SGX's original goal of being used for DVD DRMs has been deprecated because it turns out people don't keep their BIOS up to date and didn't all get Intel's latest CPUs, making the use of SGX as a client side feature not useful. Turns out it's a lot more useful server-side, and while it had its share of issues (see sgx.fail) Intel addressed these (also see sgx.fail). It can prove your requests are actually being served by the code due to the way the TLS attestation works.
Wikipedia says it's still on Xeons, so not sure what that says. But I agree with the rest of your point, it seems like an oversight to me.
Not an oversight, one of SGX's features is MRENCLAVE measurement, a hash of the code running inside the enclave that can be compared with the value obtained at build time.
Looks neat, but how can you tell the fingerprint the server returns was actually generated by the enclave server, and isn't just a hardcoded response to match the expected signature of the published code (or that you're not talking to compromised box that's simply proxying over a signature from a legit, uncompromised SGX container)?
The enclave fingerprint is generated as part of the attestation.

The way this works is the enclave on launch generates a ECDSA key (which only exists inside the enclave and is never stored or transmitted outside). It then passes it to SGX for attestation. SGX generates a payload (the attestation) which itself contains the enclave measured hash (MRENCLAVE) and other details about the CPU (microcode, BIOS, etc). The whole thing has a signature and a stamped certificate that is issued by Intel to the CPU (the CPU and Intel have an exchange at system startup and from times to times where Intel verifies the CPU security, ensures everything is up to date and gives the CPU a certificate).

Upon connection we extract the attestation from the TLS certificate and verify it (does MRENCLAVE match, is it signed by intel, is the certificate expired, etc) and also of course verify the TLS certificate itself matches the attested public key.

Unless TLS itself is broken or someone manages to exfiltrate the private key from the enclave (which should be impossible unless SGX is broken, but then Intel is supposed to not certify the CPU anymore) the connection is guaranteed to be with a host running the software in question.

> the connection is guaranteed to be with a host running the software in question

a host... not necessarily the one actually serving your request at the moment, and doesn't prove that it's the only machine touching that data. And afaik this only proves the data in the enclave matches a key, and has nothing to do with "connections".

Let me clarify, it guarantees your connection is being served by the enclave itself. The TLS encryption keys are kept inside the enclave, so whatever data is exchanged with the host, it can only be read from within the secure encrypted enclave.
> it guarantees your connection is being served by the enclave itself

Served by an enclave, but there's no guarantee it's the one actually handling your VPN requests at that moment, right?

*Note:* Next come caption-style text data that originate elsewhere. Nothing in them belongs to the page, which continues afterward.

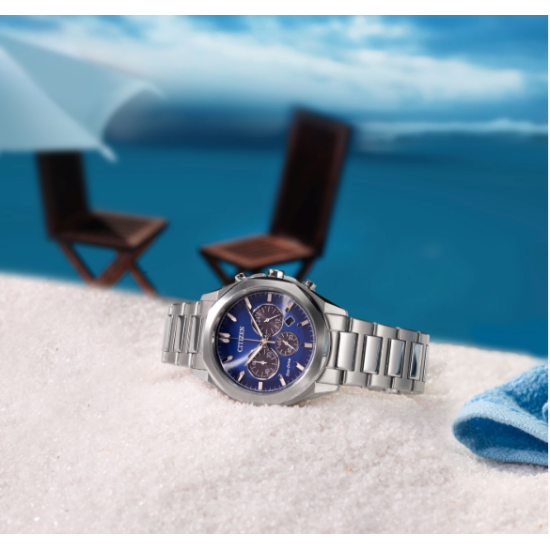 Citizen CA4590-81L Modern Dress Horloge Citizen CA4590-81L Modern Dress Horloge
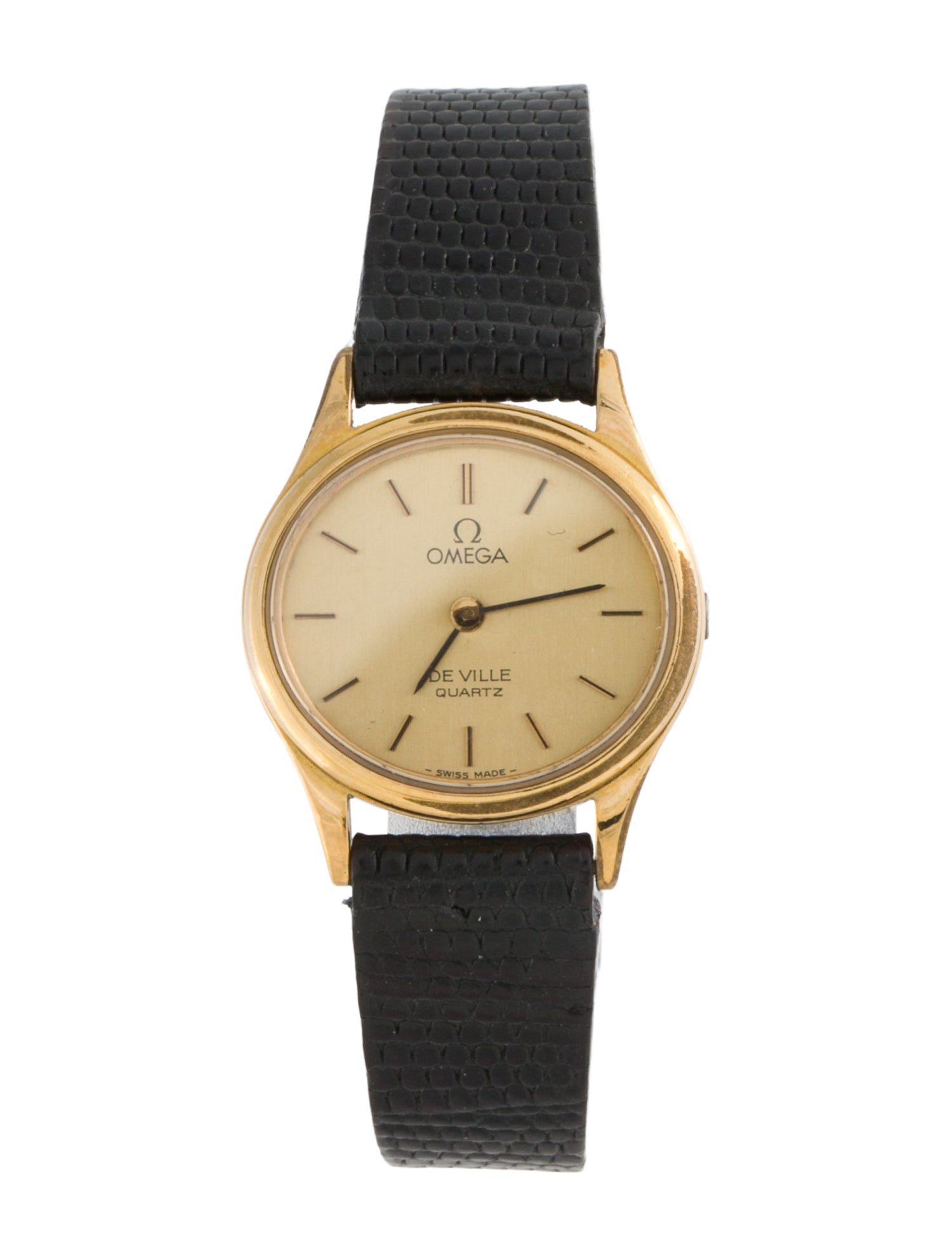 Omega De Ville Watch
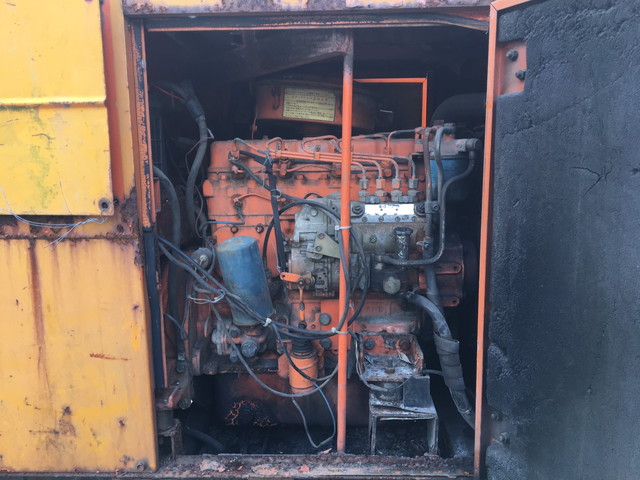 その他のメーカー発電機[写真13]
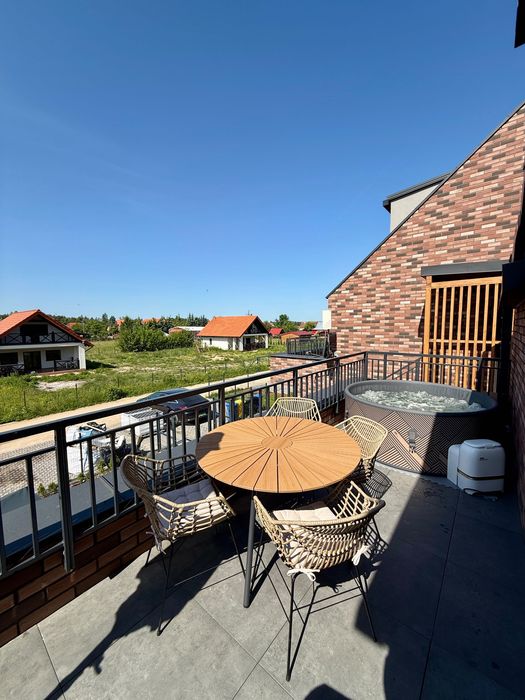 Dom z jacuzzi i sauną dla 14 osób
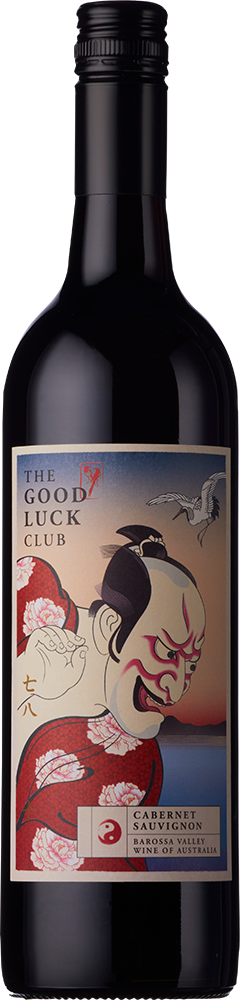 Smalltown Vineyards The Good Luck Club Cabernet Sauvignon Barossa Valley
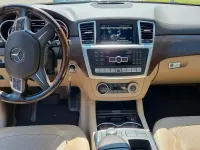 Gebraucht Mercedes ML350 AMG 258 PS (189 kW) 2014 Braun SUV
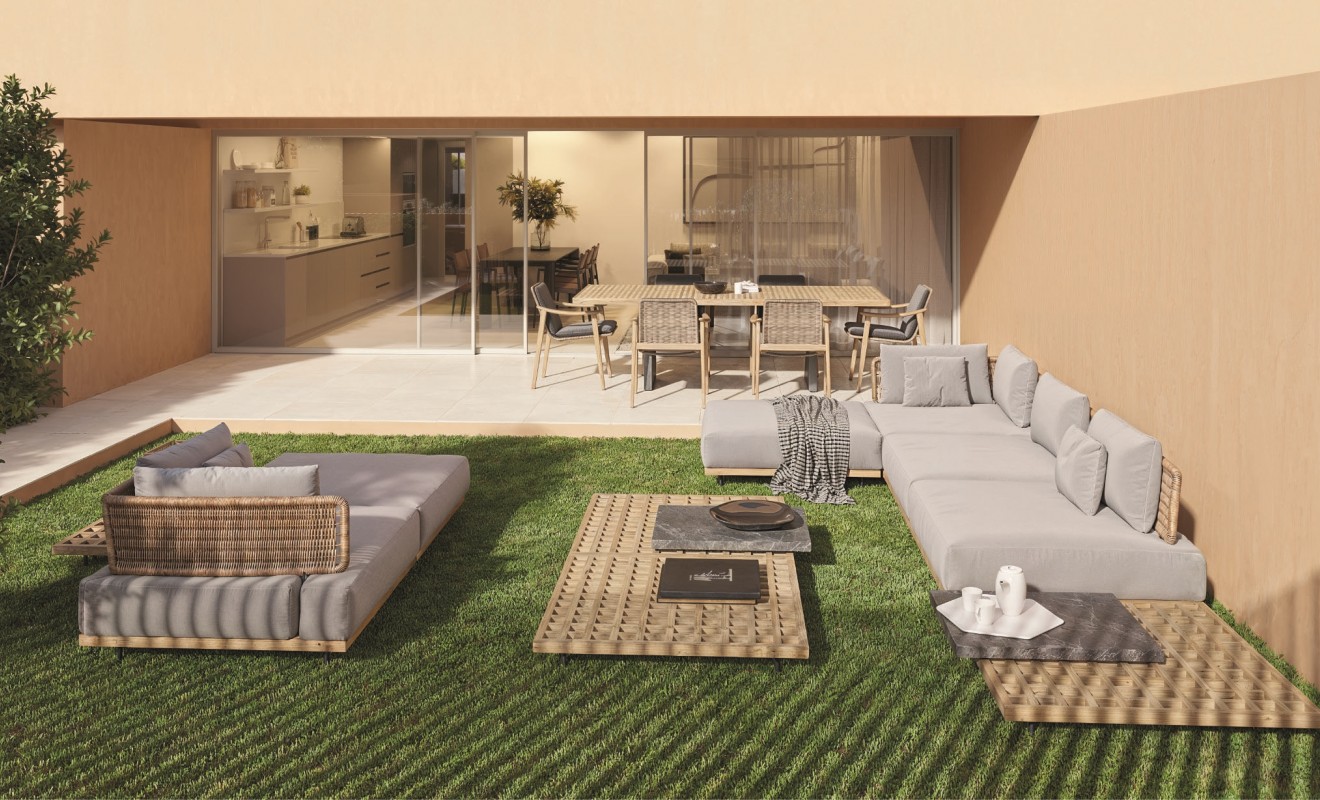 Nieuwbouw woningen - low-bungalow - Torrevieja - torrevieja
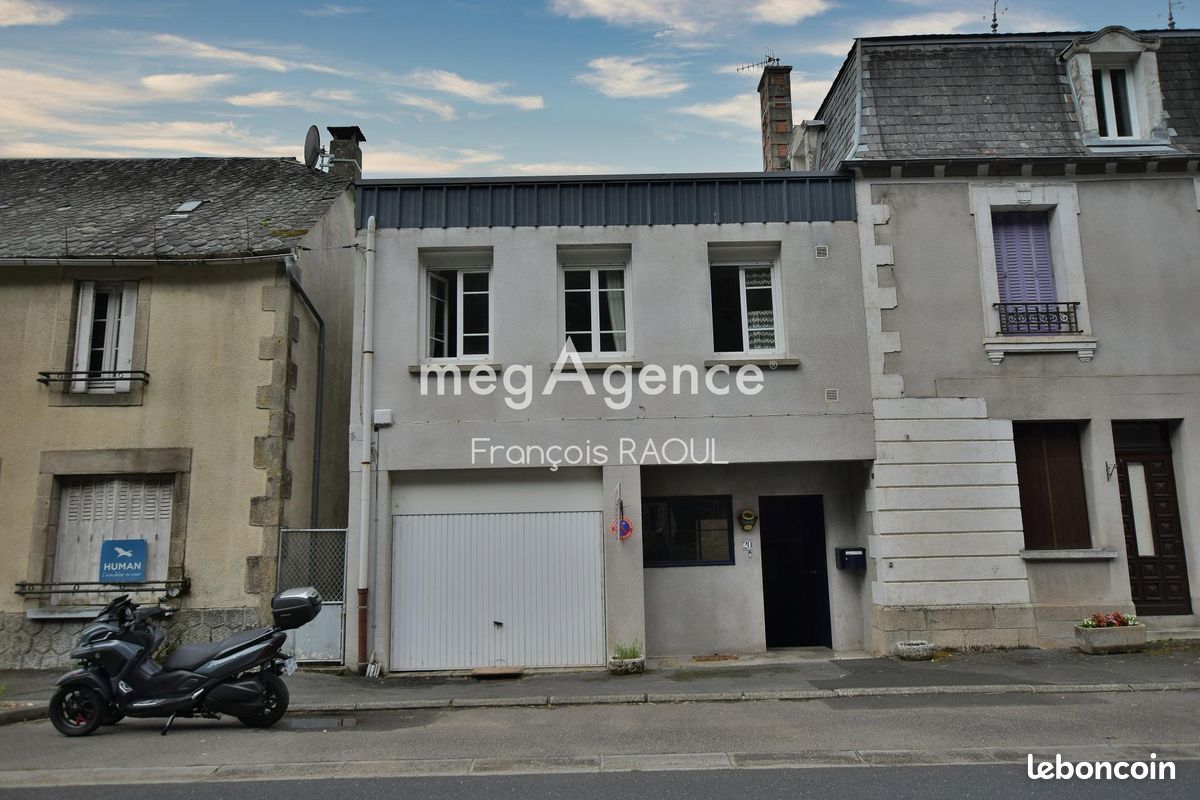 Maison 3 pièces 67 m² · à Forgès · 67 m² · 81 000 €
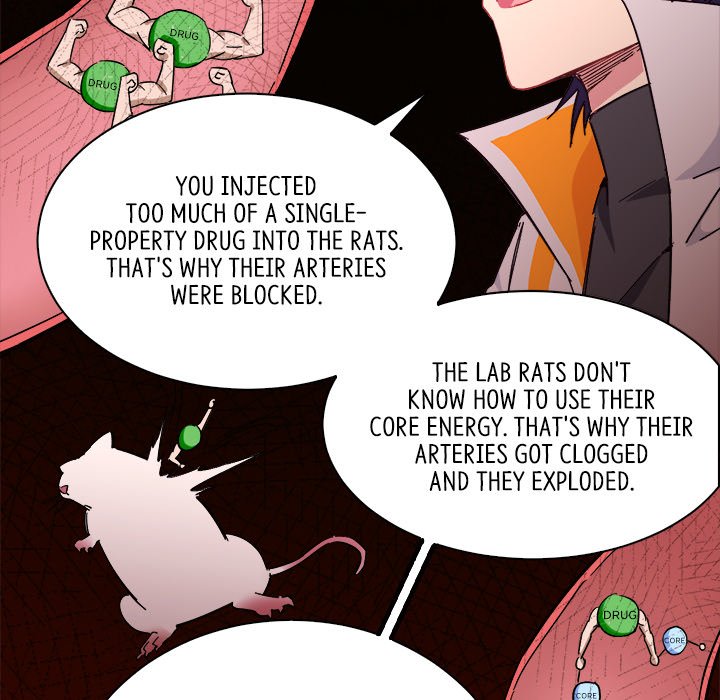 Read When Aliens Invaded Earth chapter 22 image 131 on Lezhin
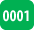 change numbering colors and border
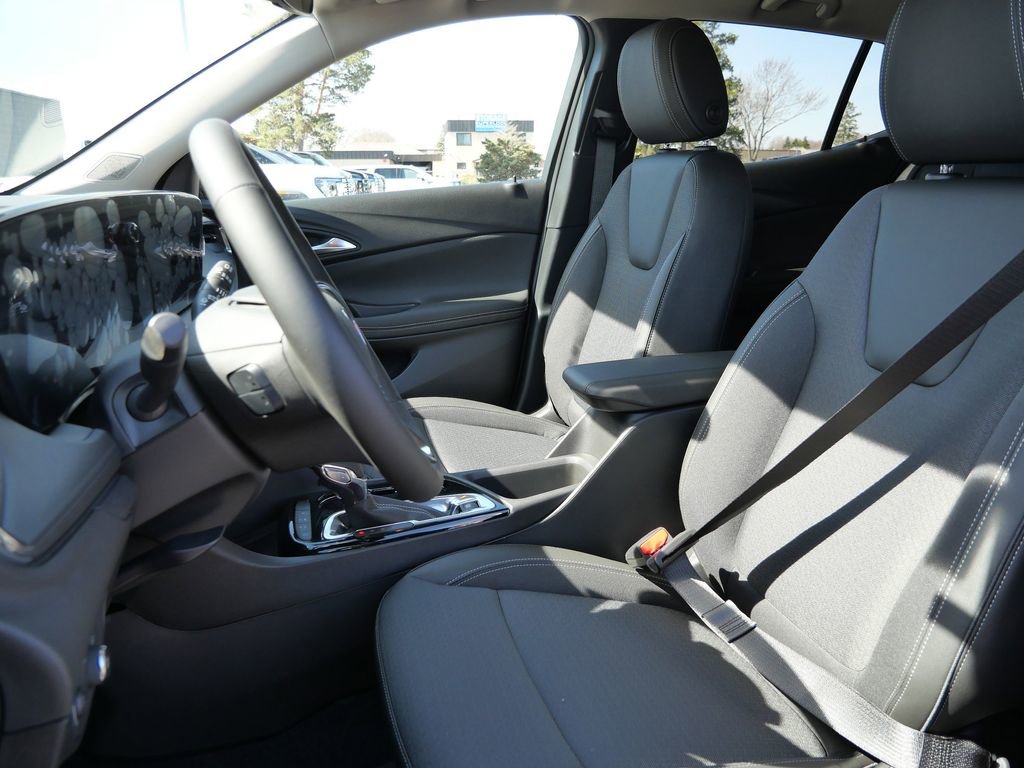 New 2026 Buick Encore GX Preferred w/ Advanced Technology Package image 35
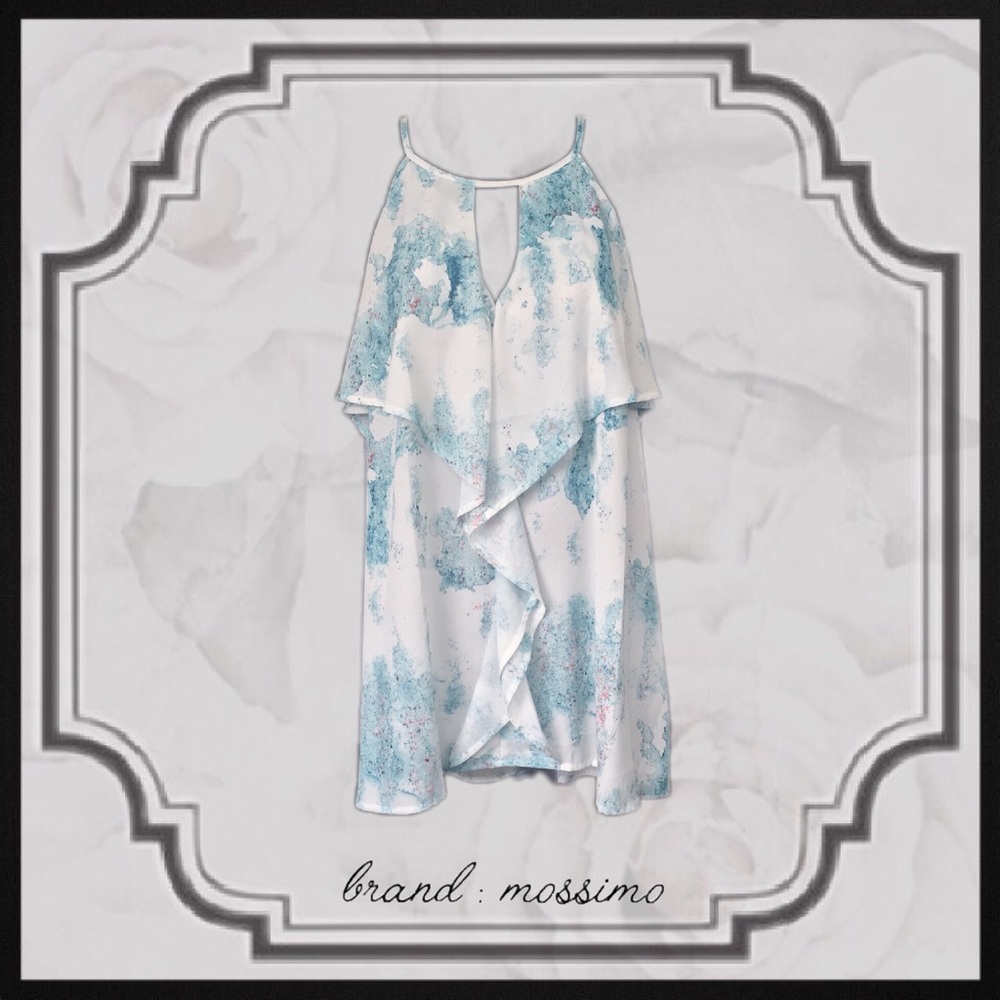 Mossimo Tank.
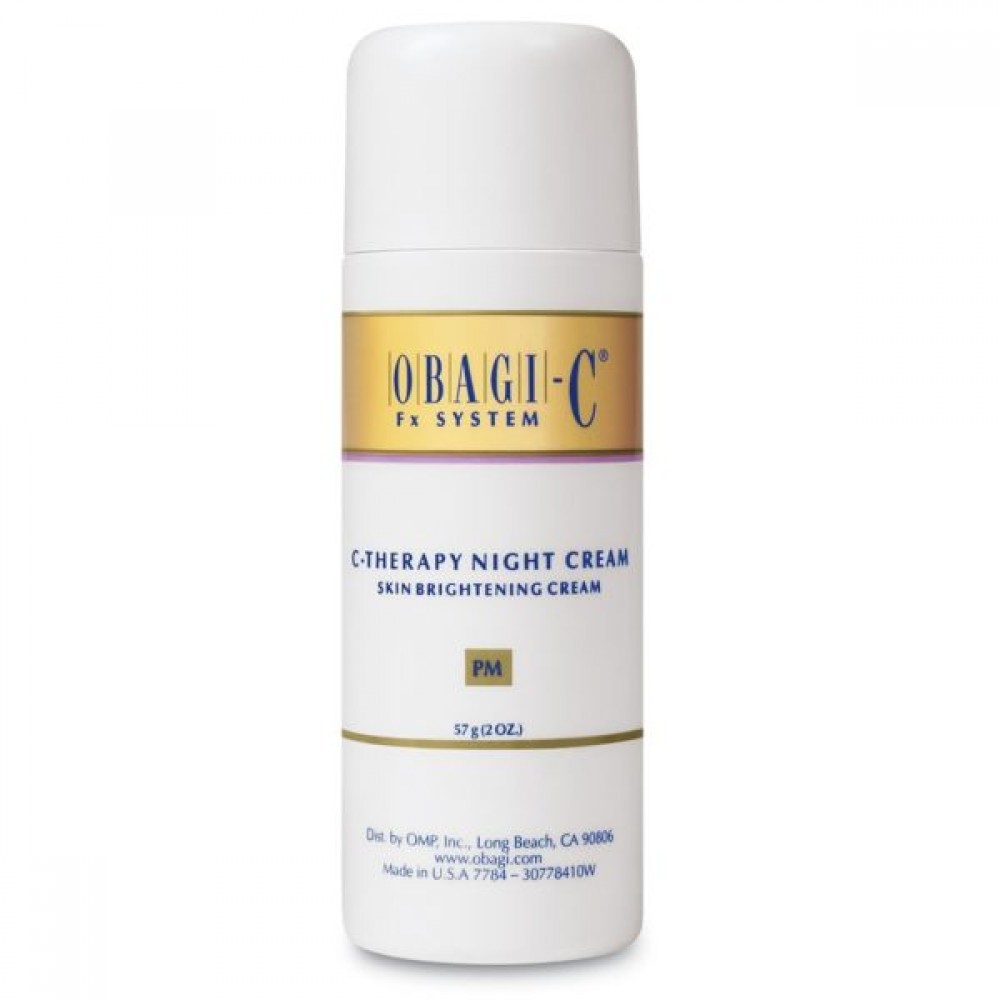 Нічний крем для обличчя - Obagi OC FX Night Cream
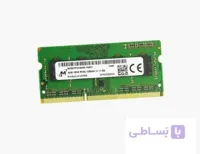 رم لپ تاپ میکرون مدل DDR3 PC3-8500S ظرفیت 2 گیگابایت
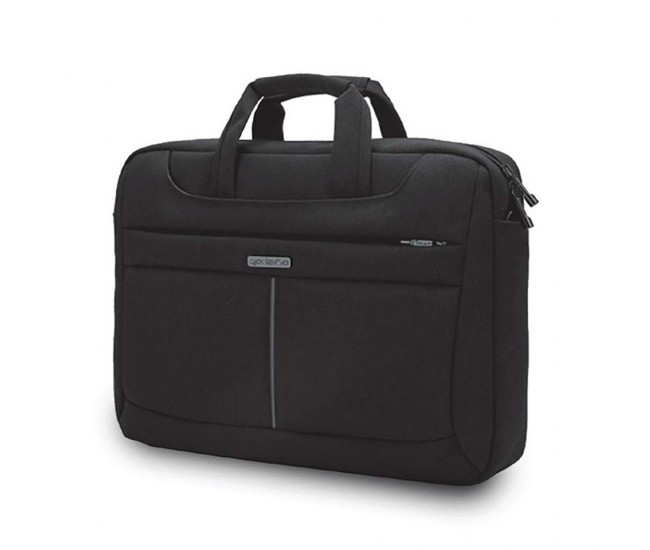 Geanta laptop, neagra, 40x8x32 cm - OFFISHOP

And even if it was, my understanding is this still wouldn't prevent other network-level devices from monitoring/logging traffic before/after it hits the VPN server.

Saying "we don't log" doesn't mean someone else isn't logging at the network level.

I think SGX also wouldn't protect against kernel-level request logging such as via eBPF or nftables.

The attestation guarantees it's the one serving the request, and the encryption/decryption and NAT occurs inside the enclave so it's definitely private.